Marathon Petroleum Corp (NYSE: MPC) reported on Tuesday higher-than-expected earnings and revenues for the first quarter despite lower refining margins and profits compared to the same period last year.
Top U.S. refiner Marathon Petroleum beat first-quarter
profit estimates on Tuesday, as demand for refined products remained at high
levels and global fuel supplies tightened due to refinery maintenance
activities and disruptions in Russia.
The refiner also announced a $5 billion increase to its
share repurchase authorization.
Heavy refinery maintenance work during the quarter and
outages at Russian refineries following Ukrainian drone attacks reduced fuel
supplies to global markets.
Demand for fuel remained stable. U.S. product supplied, a
proxy for demand, averaged at 20.10 million barrels per day (bpd) at the end of
March, compared with 19.7 million bpd a year earlier, according to U.S. Energy
Information Administration data.
Marathon said it completed $648 million of planned
turnaround activity in the reported quarter, the highest level in the company's
history.
Turnarounds lowered utilization to 82%, which contributed to
refining operating costs per barrel of $6.14 during the first quarter.
Its total throughput was 2.7 million bpd in the
January-March quarter, compared with 2.8 million bpd a year earlier.
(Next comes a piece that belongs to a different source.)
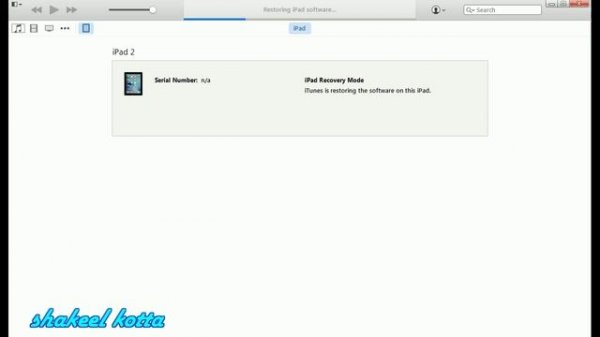 Restore And Update Ipad 2 iOS 9.2 | ipad is disabled connect to itunes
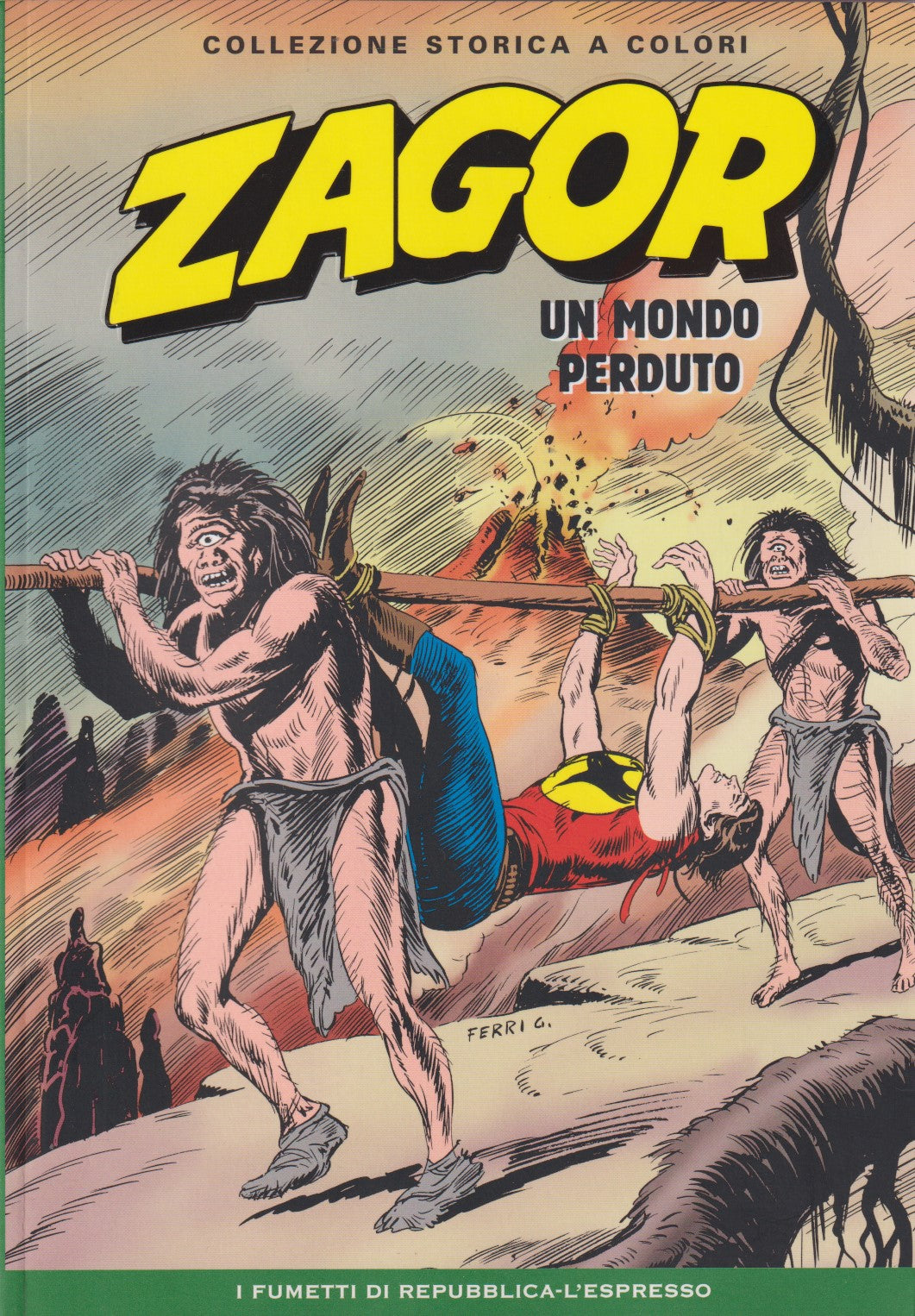 Zagor - Collezione Storica a colori Repubblica - Fascia 1/99- scegli numero- V26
For the
second quarter, Marathon expects total refinery throughput of 2.97 million bpd.
Refining and marketing margin fell over 27% to $18.99 per
barrel for the first quarter, compared with a year earlier, the biggest U.S.
refiner by volume said.
The beat is not big enough to create a "wow"
factor, said analysts at Scotiabank.
"Turnaround expense came in higher than guidance
suggesting the turnaround did not proceed as smoothly as hoped,"
Scotiabank added.
Margins and profits of U.S. refiners have normalized after
hitting sky-high levels in 2022, when Russia's invasion of Ukraine disrupted
crude supplies.
The refiner posted net income of $2.58 per share, for the
three months ended March 31, topping average analysts' estimate of $2.42 per
share.
It reported a profit of $6.09 per share a year earlier.